-- WORK ITEM --
The range runs from the line containing "Tienrayseweg 34 Horst thumbnail 65" to the last line of the entries. Copy that range exactly, omitting pictures.

═══

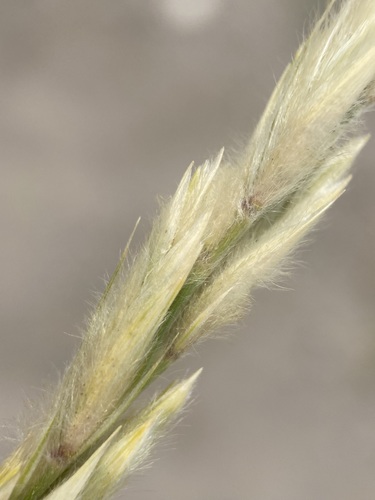 Image of Leymus flavescens by (c) Matt Berger, some rights reserved (CC BY)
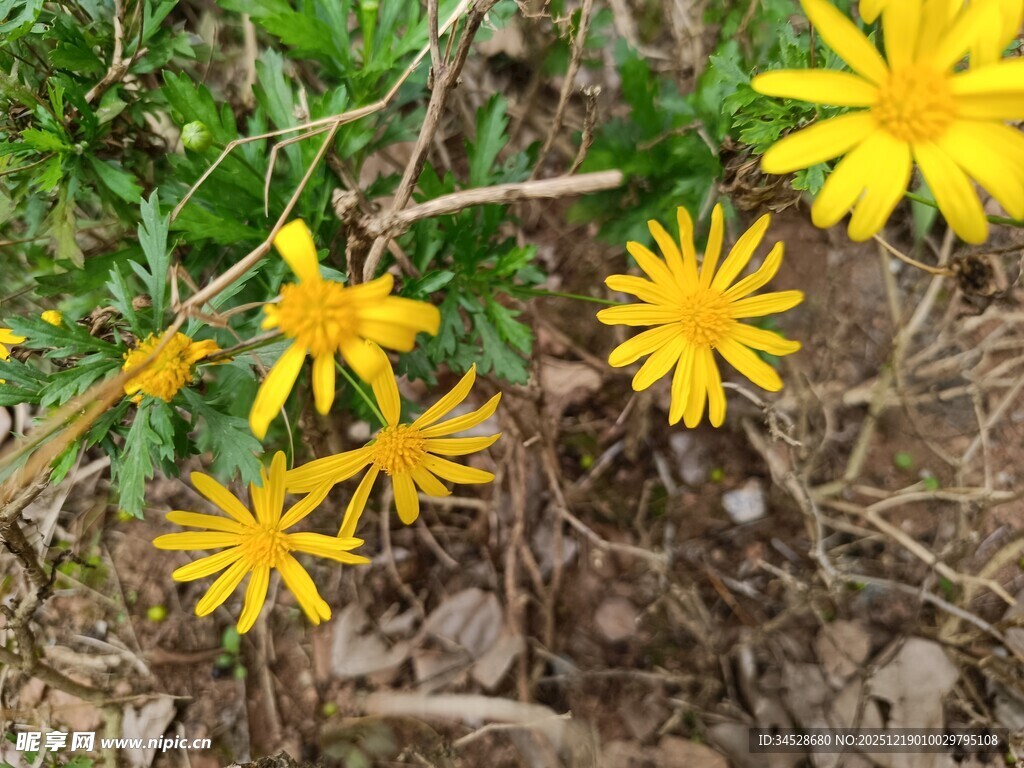 黄色小花绽放于草丛间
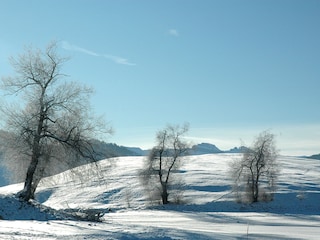 Gefrorene Uferböschung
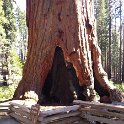 images/bike_usa_2019/giorno09-sequoie/B8EE0D14-5D33-4A37-ABDC-1FD2B9788860_1_105_c-thumb.jpeg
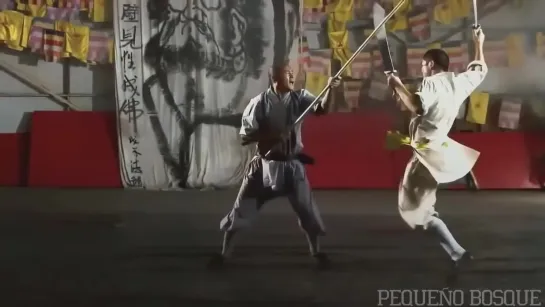 Motivação Shaolin.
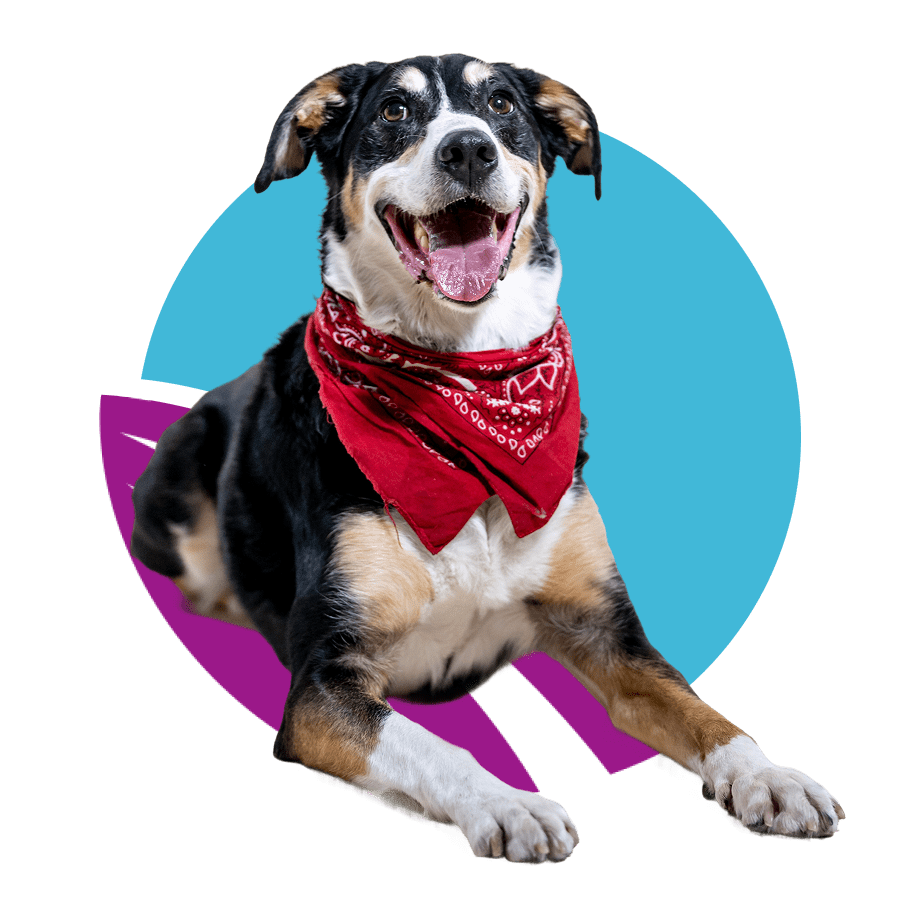 medium-sized-black-dog-in-front-of-abstract-purple-and-blue-circle-design-900px-1 The dog is lying down with its front paws extended and is wearing a red bandana around its neck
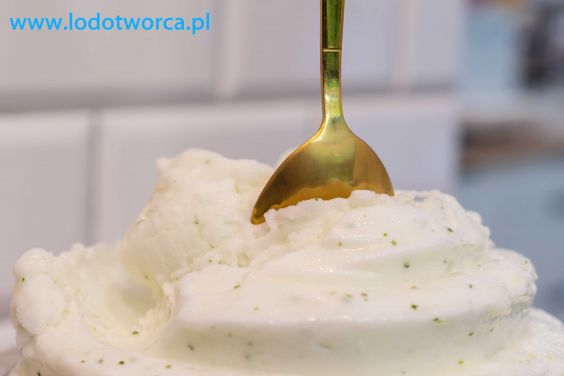 Porywające lody Rzeszów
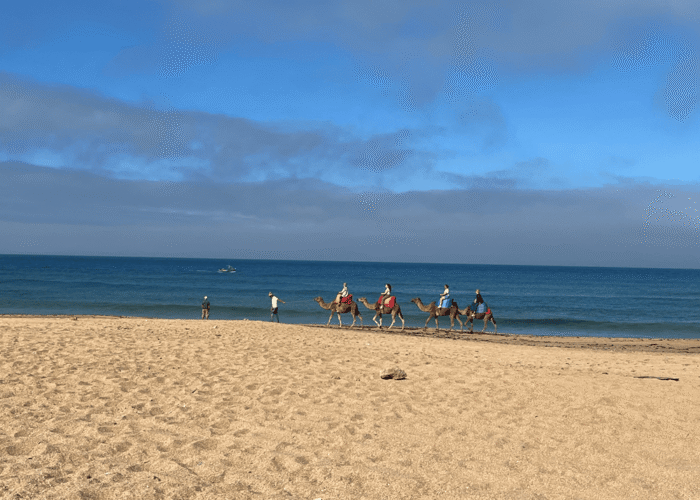photo of day trip to Essaouira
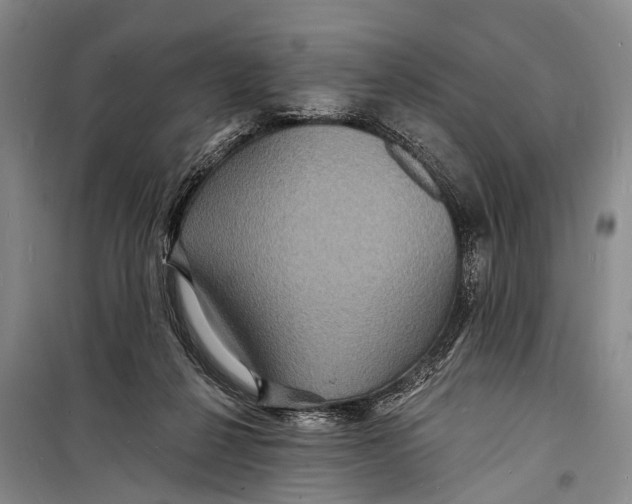X0000098200264200805151235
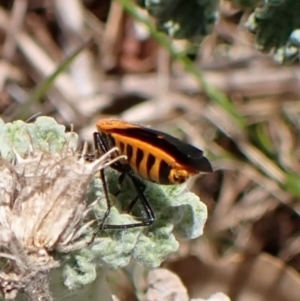 Agonoscelis rutila at Belconnen, ACT - 8 Oct 2023 11:28 AM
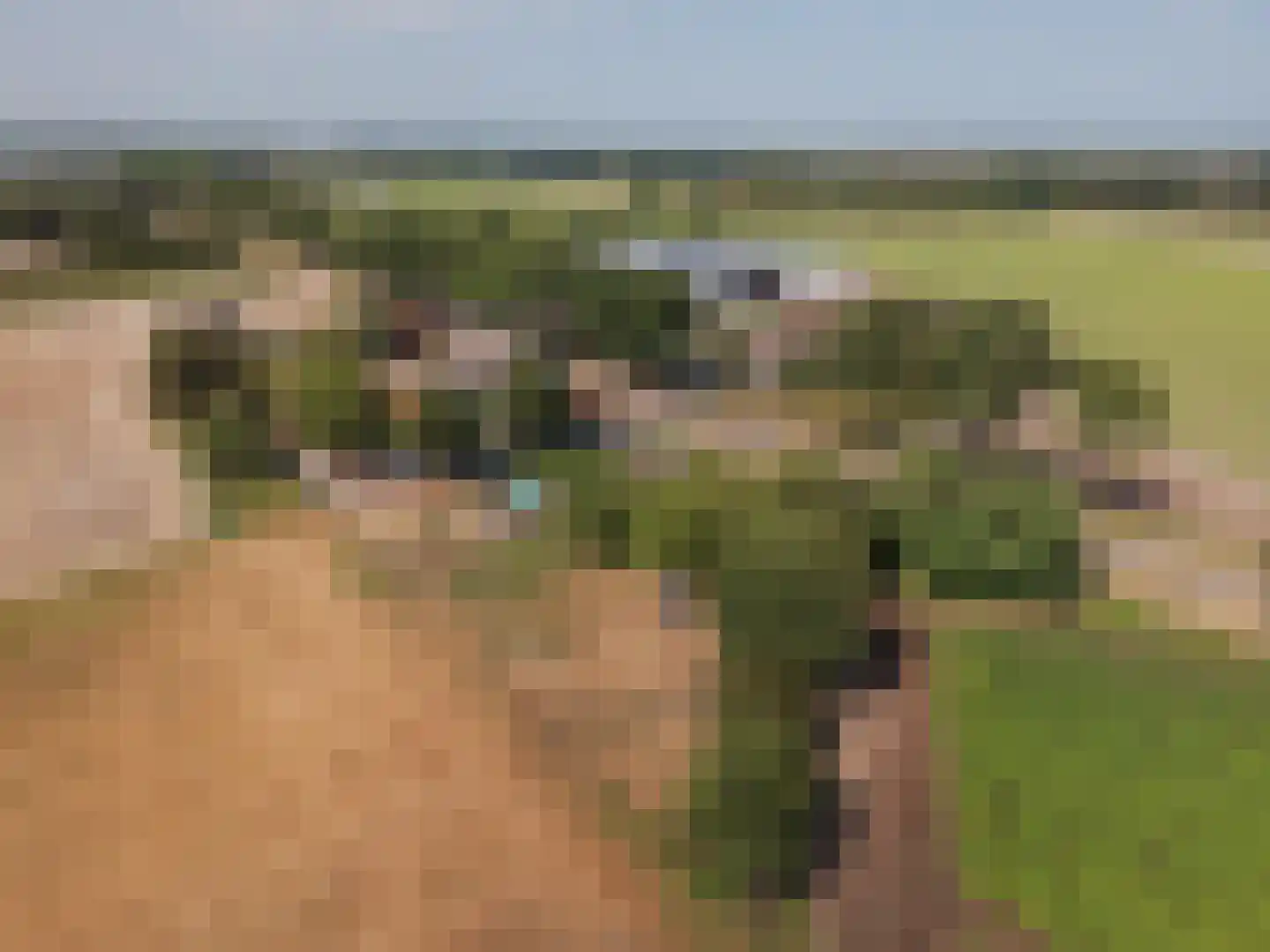 Tienrayseweg 34 Horst thumbnail 65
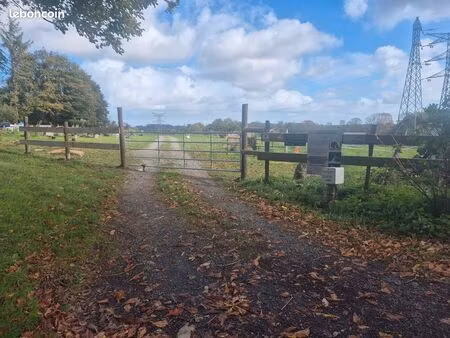 terrain agricole 5 hec prairie chevaux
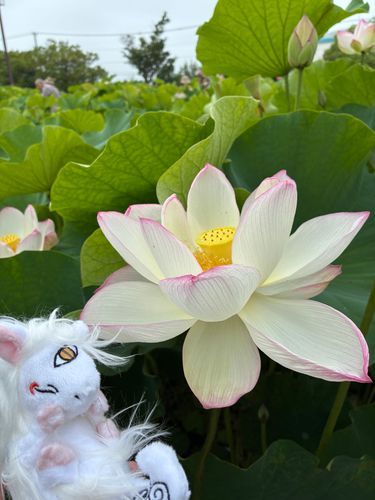 神獣様と✨🪷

═══

-- REPLY TO THE EXERCISE --
 Tienrayseweg 34 Horst thumbnail 65
 terrain agricole 5 hec prairie chevaux
 神獣様と✨🪷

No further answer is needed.